The road going North....
Nearing the ND border
Sitting at the Border...waiting to step into ND
A little celebration
Thanks for humoring my weirdness C
Actual video taken at the border. Embarrassing, but necessary.
Popped over across the street to take a pic with the SD sign as well
With the border attained, and with the excitement wearing off, we set out to make some memories in this New State of ours. Obviously, the most logical choice of things to do in Southwestern North Dakota is to hike the high point, White Butte...a mere hour drive north. All I knew of the high point was that it was very remote, and was a couple of miles of open (no trails) route hiking. I had no idea of there'd be any tricky spots or problems. Turns out, it was a very easy hike...but also one of my absolute favorites thus far. At the top, we spent over 30 minutes all by ourselves tucked away on a grassy flank of the butte...taking in an absolutely perfect evening. It really is to this day probably my favorite high point experience. It was truly special up there, and I will definitely always remember it. Track: https://www.strava.com/activities/628181560
Just past the parking area, looking ahead to White Butte
Starting up the climb
About half-way to the summit
Badlands-type geology among the butte
Spherical concretions in a random rock
Highest person in North Dakota
Resting and eating a dinner snack on the grassy flank of the high point
Trail running along the top of North Dakota,
because why wouldn't you?
Abandoned farm house just off of the trail
Greeting some cows on our hike back to the car
We left the high point as the sun was starting to go down, and made our way back to South Dakota. Along the way, we stopped through the interesting town of Bowman and took a few pics. We eventually made our way just south of the border and found an incredibly remote campground nestled up in the Custer Gallatin National Forest called Picnic Spring Campground. We were the only ones there and it was almost a bit spooky.

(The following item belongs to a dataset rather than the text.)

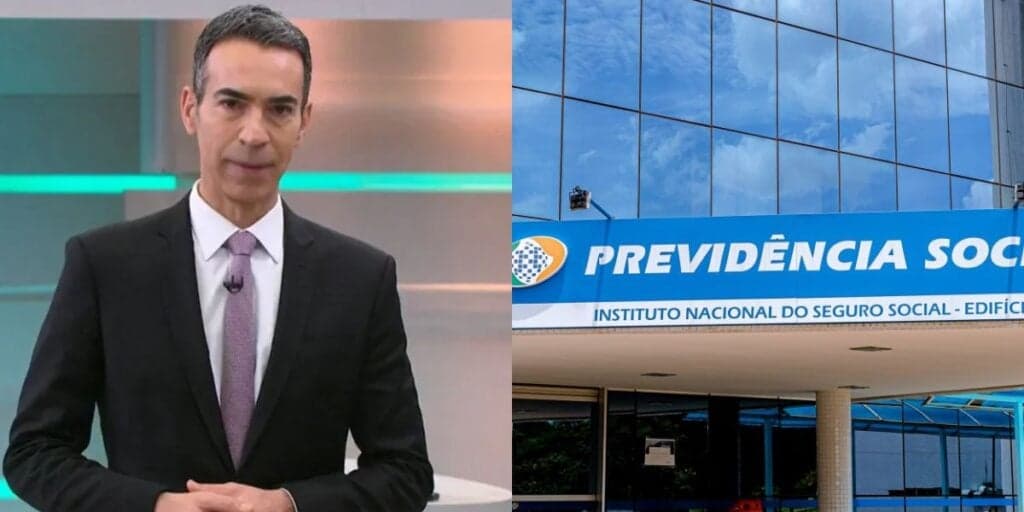 “Muito importante”: Tralli paralisa o JH com nova lei do INSS e anúncio atinge milhões de aposentados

A peculiar stop outside Bowman, North Dakota
Strange drive-through attraction
Custer Gallatin National Forest
Our quaint little campground that we had to ourselves
We woke the next morning deep inside a thick morning fog on top of our campground mesa...and it was truly something out of the twilight zone. There were a few cows that had somehow made it up there and they just stood there staring at us. It was unsettling...so we left quickly.
On the drive south, we made a short detour to the "Geographical Center of the Nation", located in a Farmers field in far western South Dakota. It turns out determining the "Center of the US" is a very complicated thing. A fellow adventurer named Jerry (and surveyor by training) whom I met through several email conversations, has spent years investigating this very question. He is in the process of writing a fantastic book that covers the history of the Geographical Center of the US, and the multiple variations. I highly encourage you to check out his website covering this fascinating topic:
The short story is that there are presently about 10 Geographical Centers if you want to visit them all, and this does NOT include tiny inconsistencies in surveying or monuments being places slightly off-set from the true GPS coordinates. For example, the Center Monument located in Lebanon Kansas, is a few hundred yards from the true center due to it being on Private Property. At any rate here's a quick list....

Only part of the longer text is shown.